Lela's Project Page

ACCESS 2019-2020

lela feaster

Finding Tangent Lines

Research Advisor: Sean Howe, Mathematics, College of Science

Lela Feaster.png

Student Bio

Who:  I am from Colorado and I came to the U for ACCESS and to explore everything Utah and its National Parks have to offer. Along with math, I enjoy rock climbing, crocheting, and reading.

My scientific/engineering interests:  I am majoring in applied mathematics, and love systems; everything from their optimization to studying their flow with differential equations and linear algebra. Math is the language of the universe and I am here to converse with it.

Academic goals:  I am majoring in applied math, and I hope to continue working in my lab. After completing my B.S. I hope to go onto graduate school.

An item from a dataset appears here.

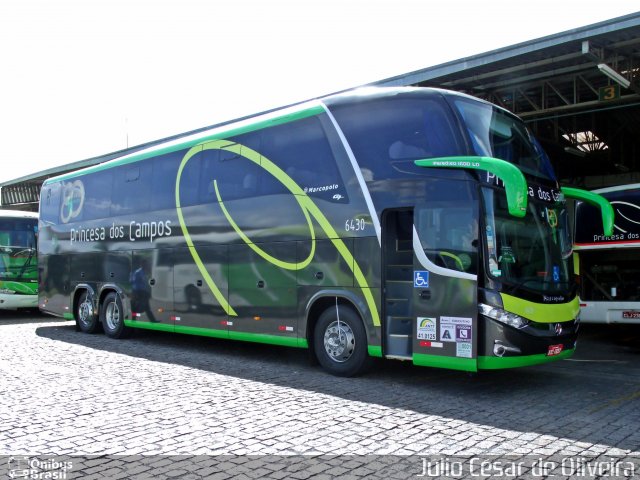 Expresso Princesa dos Campos 6430 na cidade de Ponta Grossa, Paraná, Brasil, por Júlio César de Oliveira. Número da foto: #2476313.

Career goals:  For me, these are more abstract. I just want to problem solve, and I believe math will help me become the best problem solver I can be. As long as I get to continue using math I think I will be happy.

Research Abstract

A generic cubic surface in three-dimensional space contains at most 27 straight lines, while a generic quartic curve in two-dimensional space has at most 28 bitangent lines (lines which are tangent to the curve at two distinct points). These two geometric constructions are related: if an ant sits at a point on a cubic surface floating above the ground, then looks out at the shadow, the outline will be a quartic curve, and the lines on the surface will match up with the bitangents of the curve. Working up to this, multiple pieces of code in both python and sage were created to address smaller related problems: finding a line tangent to a quadratic curve through a random point, finding the Taylor series approximation (up to the second derivative), and using numerical methods to compute a line tangent to a random cubic curve starting from a random seed line in a bounded parameter space.